GIVEN INFORMATION
-- Opening Marker --

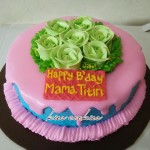 Kissy Ciyyas' Birthday Cake‎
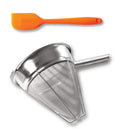 Stainless Steel Fine Mesh Bouillon Strainer M45300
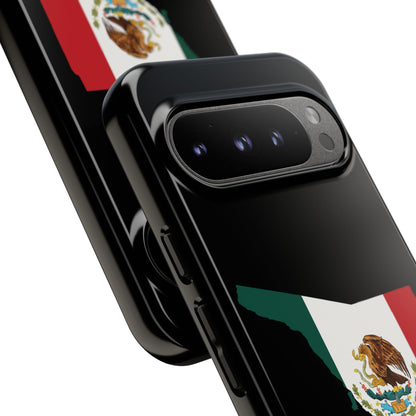 Sonora Mexico Flag Map Phone Case | Mexican American Pride Tough Case for iPhone & Samsung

-- Closing Marker --

The listing above must be given again exactly, minus its pictures.

WRITTEN ANSWER
 Kissy Ciyyas' Birthday Cake‎
 Stainless Steel Fine Mesh Bouillon Strainer M45300
 Sonora Mexico Flag Map Phone Case | Mexican American Pride Tough Case for iPhone & Samsung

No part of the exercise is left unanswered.